“You don’t have to be Einstein to work that out,” Trevor Bayliss quipped dismissively when asked if England’s top-order frailties will tell on their Ashes chances. And one really doesn’t have to deep-dive into stats to find out that instances of England losing four wickets for less than 90 runs and five for less than 100 have been 9 and 11, respectively, out of the 24 innings in Tests since August 1, 2018. Nine out of the 11 collapses mentioned above have been in the top order, but such has been England’s dominance with the ball on friendly home surfaces that they have lost only one of the six home Tests during this one-year period and only two out of the six they have played away.
In the India series the England batsmen averaged 30.74 but their opponents were poorer in that regard, averaging only 25.23. This average difference of 5.1 runs coupled with the bowler-friendly conditions enjoyed by their pacers helped the hosts clinch a resounding 4-1 series win.
Things got better but only just when England travelled to Sri Lanka and swept the Lankans 3-0. The English batsmen averaged 33.32 to Sri Lanka’s 25.93, the average difference of 7.39 helping the visitors make the most of the batting-friendly subcontinent conditions, helped all the more by the spin exploits of Moeen Ali and Jack Leach, who accounted for 18 wickets each. But even amidst the relatively rich returns, the batsmen found themselves 39/4 in the second innings of the third Test, albeit with the cushion of a 135-run lead and an unassailable 2-0 series lead.
Until this point the bowlers had rescued the team on many occasions, both with the ball and bat and England had lost only one out of eight Tests. Things changed with the turn of the year when the West Indies fast bowlers spat fire in the Caribbean by shooting England out for 77 in the first Test and setting up the tone for the rest of the series. The West Indies batsmen averaged 31.15 to England’s 23.27 and the evenly-matched bowling line-ups meant that England were made aware of what lay for them if a fast-bowling attack could match theirs and the batsmen continued to flounder – just like Australia can in the Ashes.
Their worst fears came true, perhaps serendipitously just before the Ashes, when Tim Murtagh, playing only his third Test, ran through the England batting on the first morning at Lord’s, helping Ireland stun their big brothers by bowling them out for 85 before the lunch break.
The fragility of the top order is a major reason behind such vulnerability with the bat.
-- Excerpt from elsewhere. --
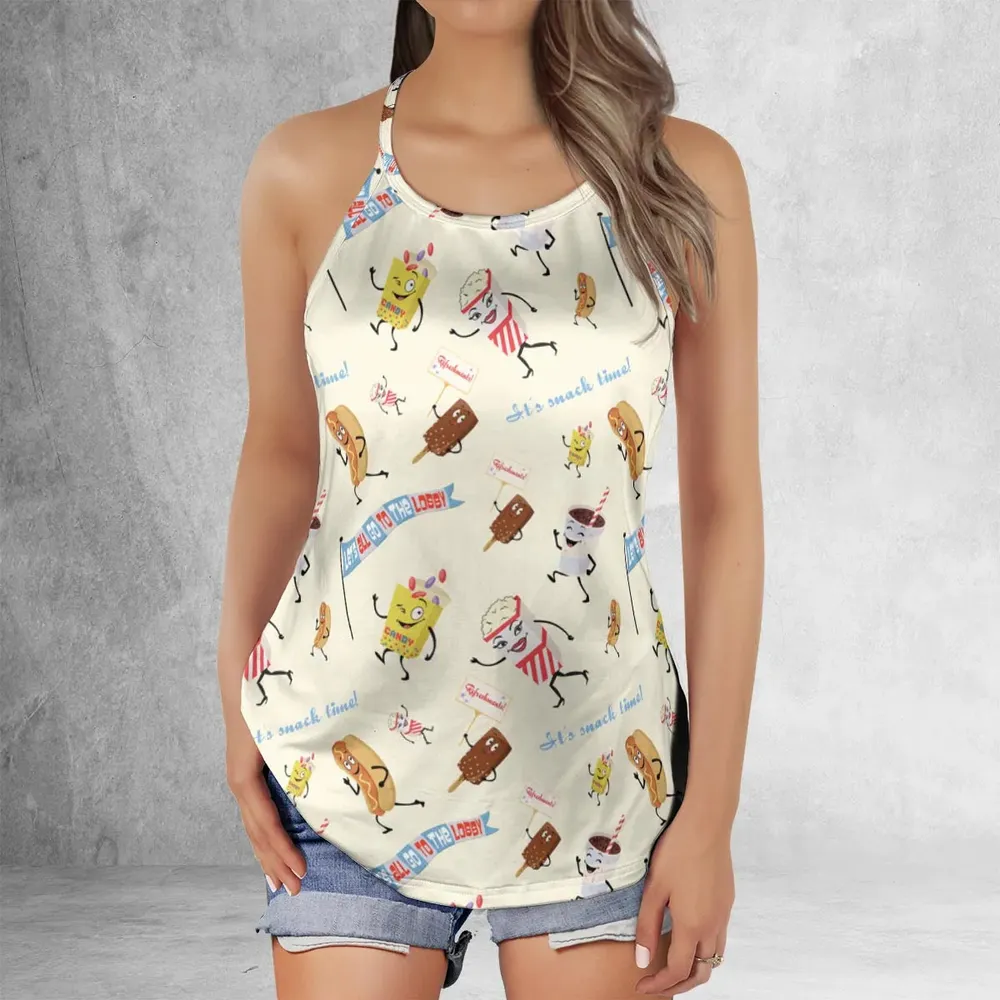 Let's All Go To The Lobby Retro Cartoon Criss Cross Tank Top - 2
England have tried 10 batsmen in the top four slots since the home series against India, including Jonny Bairstow and Ben Stokes, but only Joe Root and Burns have been able to stick to their positions. Of the two, Burns has already endured a slump since his breakthrough first-class season that earned him his Test cap in Sri Lanka – he has failed to cross 30 runs in his last six innings.
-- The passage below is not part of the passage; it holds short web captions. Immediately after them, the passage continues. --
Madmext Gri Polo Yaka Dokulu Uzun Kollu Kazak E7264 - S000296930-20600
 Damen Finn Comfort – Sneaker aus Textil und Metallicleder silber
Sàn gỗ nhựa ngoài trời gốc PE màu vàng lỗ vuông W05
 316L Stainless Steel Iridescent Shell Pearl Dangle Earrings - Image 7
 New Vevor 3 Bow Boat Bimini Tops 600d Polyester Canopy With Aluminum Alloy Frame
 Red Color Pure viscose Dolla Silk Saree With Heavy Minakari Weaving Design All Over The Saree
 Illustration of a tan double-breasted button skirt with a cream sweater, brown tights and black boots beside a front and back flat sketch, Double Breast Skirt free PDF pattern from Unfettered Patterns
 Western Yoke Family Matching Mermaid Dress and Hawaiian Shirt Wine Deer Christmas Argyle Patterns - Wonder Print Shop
Bairstow averages 24.42 over the past 12 months and Ali only 17. With the influx of Jason Roy, another white-ball maverick into the Test side, a top three of Roy, Burns and Joe Denly looks far too inexperienced, so much so that England are mulling promoting Root to No.3 despite the England Test captain’s insistence to stick to his more preferable No.4 slot where he averages 48 as compared to 40.47 at No.3. “It’s been my thought for a few years [that Root should bat at No. 3]. But he’s the captain and he’ll make the final decision. He knows how I feel,” Bayliss said, perhaps reluctantly, knowing that a stop-gap solution to the unpleasantly frequent collapses is the need of the hour.
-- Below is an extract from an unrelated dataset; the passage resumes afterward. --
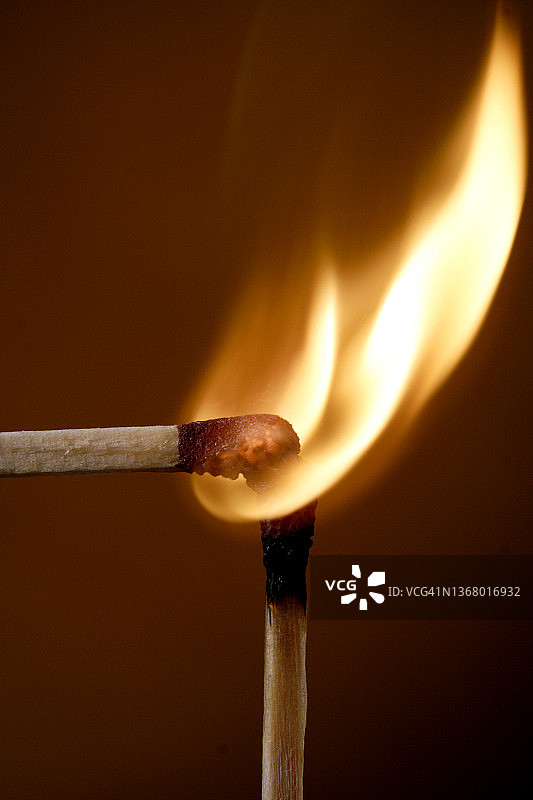 燃烧的火柴棍特写图片素材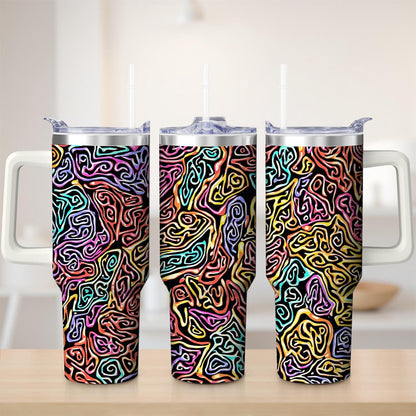 Premium Vibrant Abstract Pattern Stainless Steel Tumbler, 40oz - Insulated Travel Tumbler Cup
England are placed fifth on the ICC Test Rankings, eight rating points adrift of the No.1 ranked India and six points behind the No.2 New Zealand – both teams have had significant differences in batting averages over the teams they have beaten in the past year.
Leach’s 92 as a nightwatchman in the second innings against Ireland was the second-highest score by an England opener since Alastair Cook’s retirement last year. That’s telling of the kind of struggles the team has endured since the departure of their highest scorer, not that Cook oversaw fewer collapses over the past year from the dressing room than he has seen from the press box.
At the time of handing over the Test cap to Roy, Cook said, “It (the cap) gives you the opportunity to test yourself against the best players in the world, in the hardest format.” He would hope that against some of the best in the world, in the most important Test series for any Englishman, his ex-teammates bring about a change in fortune.